Now, preparing yourself for mediation can, for some people be a much more challenging task. You’re going to be asked to make some very difficult decisions about important things. The things that matter the most to you: the time that you’ll spend with your children, and even the time that you’ll spend away from your children; whether or not you’ll be able to stay in your home or required to relocate; what you can count on for your financial future or your retirement.

These are not easy things for most people to even think about much less to negotiate over. And yet, that’s exactly what you’ll be doing in mediation. So it helps if you can come to the mediation conference with some idea of how you would prefer to see those things resolved.

Now, that does not mean that you’re going to get each and everything that you want in negotiation after all compromise by its nature does require give and take from both sides. But when you’re talking about how to divide up time with children between two parents, or how much money may need to change hands for spousal support, or any of these other again, difficult topics, it really pays to have given some thought to those things before you come to the mediation. Both in terms of what you want, yes, but also in terms of what you can live with if you can’t get what you want.

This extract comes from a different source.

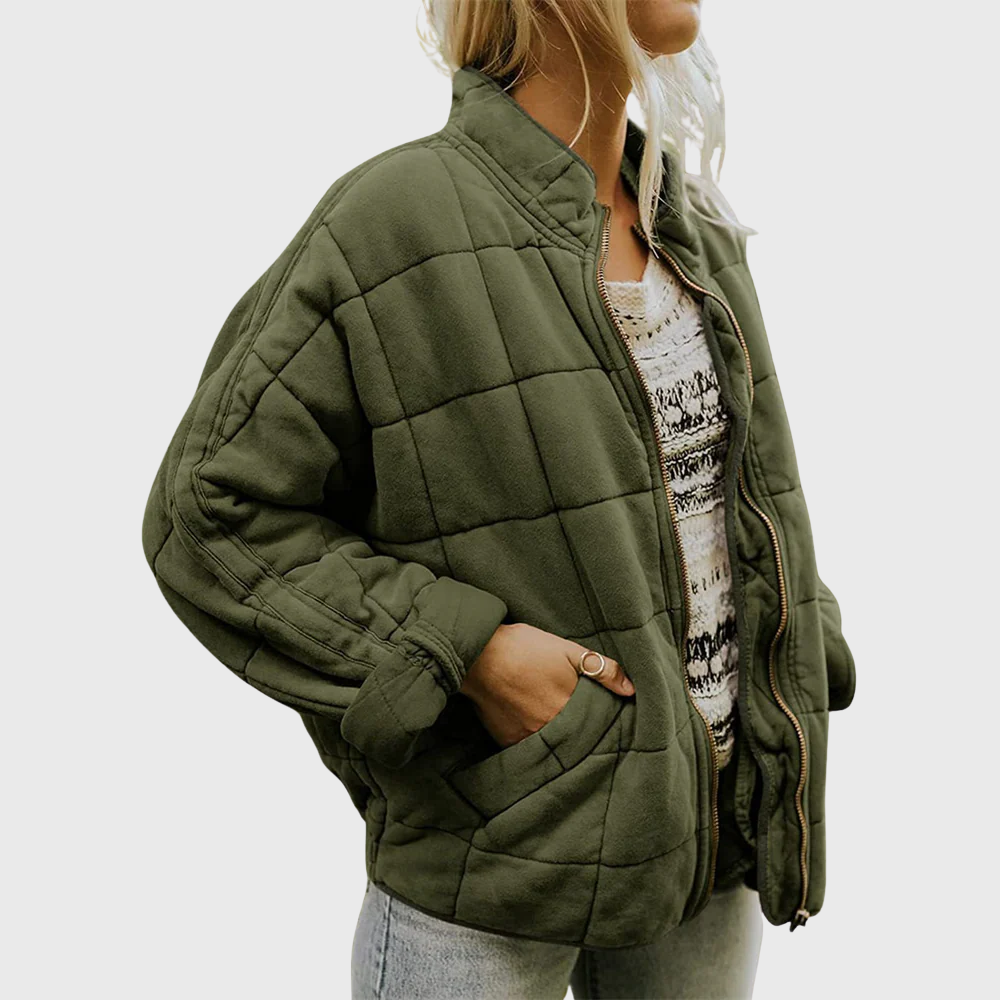 Women's Oversized Quilted Zip Up Jacket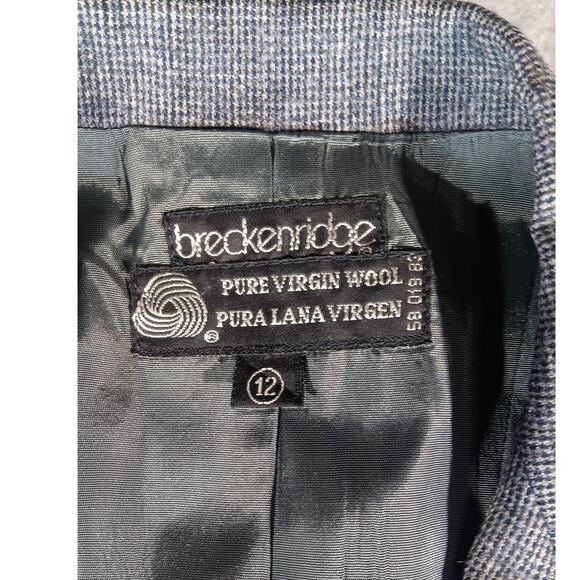 Vintage Breckenridge Pure Virgin Wool Blazer Jacket Gray Blue Size 12 Uruguay - Picture 4 of 6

You really don’t want to be confronting these things for the first time in the middle of the process. So, try to have a game plan for how you’d like to see them work out. With that said, and this may be the most important point, yes, it’s important to have a plan or to have preferred objectives, but you still must be prepared to keep an open mind.

The progress that you make in mediation may look much different from what you’ve envisioned. But being open-minded doesn’t mean changing or abandoning your important principles. It means being flexible enough in your thinking to identify or accept some ways of reaching an objective, for example, that may be different than the way you thought you’d get there. I think it’s productive in exploring compromise to be both open minded but also to be laser focused on solutions.

Here’s what I mean. If you come to mediation and you’re focused on the things that went wrong in your marriage or your co-parenting relationship, or you’re focused on all the things that your spouse or co-parent should have done differently or could have done differently, it will be difficult to devote the emotional energy needed to consider compromising with that person in order to reasonably resolve the dispute.

And remember, that’s the point here. As I said in the prior video, mediation is simply a tool for trying to resolve a dispute. You’re there to try to resolve as much of your case as you fairly and reasonably can. And that goal is most likely to be achieved when the participants are emotionally prepared to be open-minded, but also to be focused on solutions. Finally, some very basic practical advice, not so much legal advice. Make sure you’re well rested when your mediation starts follow as much of your regular daily routine that day as possible.

If you eat on a certain type of schedule or you exercise a certain way every day, try and do those things. Your day will go much better if you’re as grounded as possible to your normal daily experience. So, those are a few thoughts on how to prepare for mediation. It’s certainly the leading method today for resolving divorce and custody cases, most of which are in fact settled without a full-blown court trial. And if you undertake the kind of preparation that I’ve spoken to here, I think you’ll have a good chance that your case will be one of those that gets settled successfully out of court. So best of luck with your mediation, and thanks for listening.